To be a skilled email marketer, you need to be able to segment your list based on past purchase behavior, interest level, demographics and more. By sending out emails to one big list, you run the risk of people unsubscribing due to irrelevancy, so segmentation is an important skill for any email marketer to utilize.
Strategy
An effective strategy is the key to a great email campaign, and an inability to strategize is a key reason why a campaign may fail.
An email marketer needs to formulate a strategy and identify how it will fit within the company’s marketing and business objectives. You need to lay the foundation for the email campaign and provide a tactical plan, and organize ongoing campaigns to match up with your organization’s marketing calendar.
Data analytics
Email marketers need to be experts at assessing the data. Stats like open and click-through rates, bounce rates, subscriptions and unsubscriptions, conversion rates and more can give you powerful insights into what aspects of your email marketing strategy is and isn’t working.

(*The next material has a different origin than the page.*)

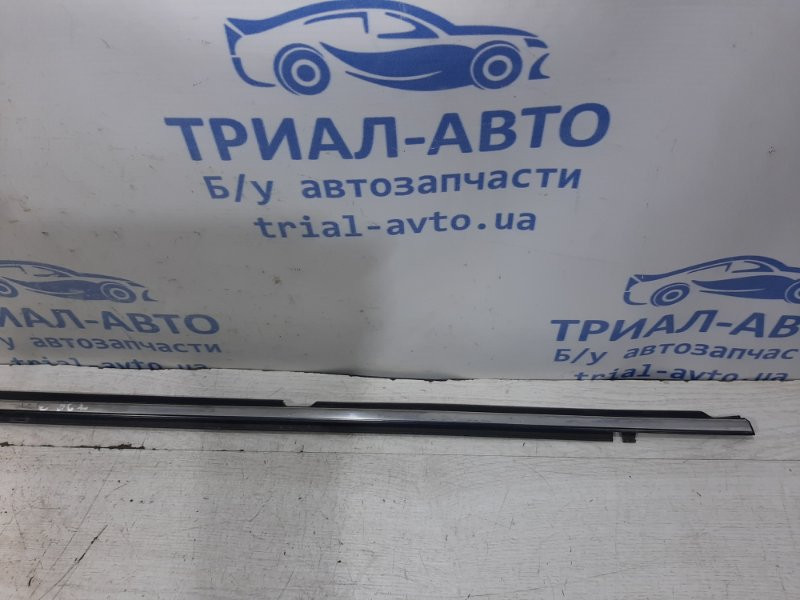 Молдинг стекла двери задний Toyota Avensis T25 2.0 DIESEL 1CDFTV 2002 (б/у) Київ - зображення 3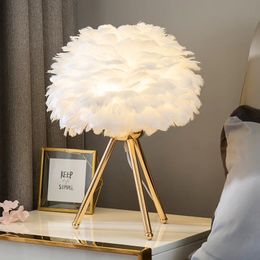 Fashion Feather Table Lamp Romantic Led Bedroom Bedside Light Dinning Desk Torch Lamparas for Living Room Coffee Shop Decor 240517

Examining the data and spotting trends, as well as seeking out opportunities for A/B testing is a crucial skill that every successful email marketer needs to harness. The first step is to identify the goals you want to achieve from your email marketing, and decide on the metrics you can then track to see whether you’re on target.
How email impacts other forms of marketing
As a t-shaped email marketer, you’ll have all the necessary skills needed for a successful email campaign. However, you’ll also want to keep up with other marketing departments and how your skills can be transferred over, so you can support your fellow marketers and utilize a wider variety of skills to make your email campaigns even better.
SEO
SEO is the science of ensuring your content lands as high up on the search engine results as possible. Email marketing may not seem like it relates to SEO, but if your emails link out to your website, it can help optimize your placement in search results.
By driving qualified visitors to your website via emails, you can gain social shares and even backlinks that can give you SEO gains. With email, you can utilize SEO knowledge to promote targeted SEO content that leads to better engagement that search engines like Google pick up on. Email marketing can also be a great tool for A/B testing SEO keywords, so you can learn how to optimize keywords based on emails your audience is interacting with.
Social media
Social media is an effective digital marketing channel, with each platform offering you access to a large pool of active users (and differing advantages depending on your target audience).
With email, you have direct access to your subscribers, whereas your social media followers are connected to you, but you don’t own that audience. Social media can help boost your email subscribers by integrating your profile with your email sign-up form, or posting promotions on social that link to the email sign-up page on your website.
But emails can also help you grow your social following. Email newsletters should always include social icons so your subscribers have an easy way to find you on various platforms. Plus, by enacting dedicated campaigns to promote your social channels, you can boost social engagement.
Content
Content and email marketing are partners in crime. By creating high-quality, sharable content relevant to your target audience, you’re more likely to retain email subscribers and gain new ones. Email marketing can promote your content and allow customers to connect with your brand.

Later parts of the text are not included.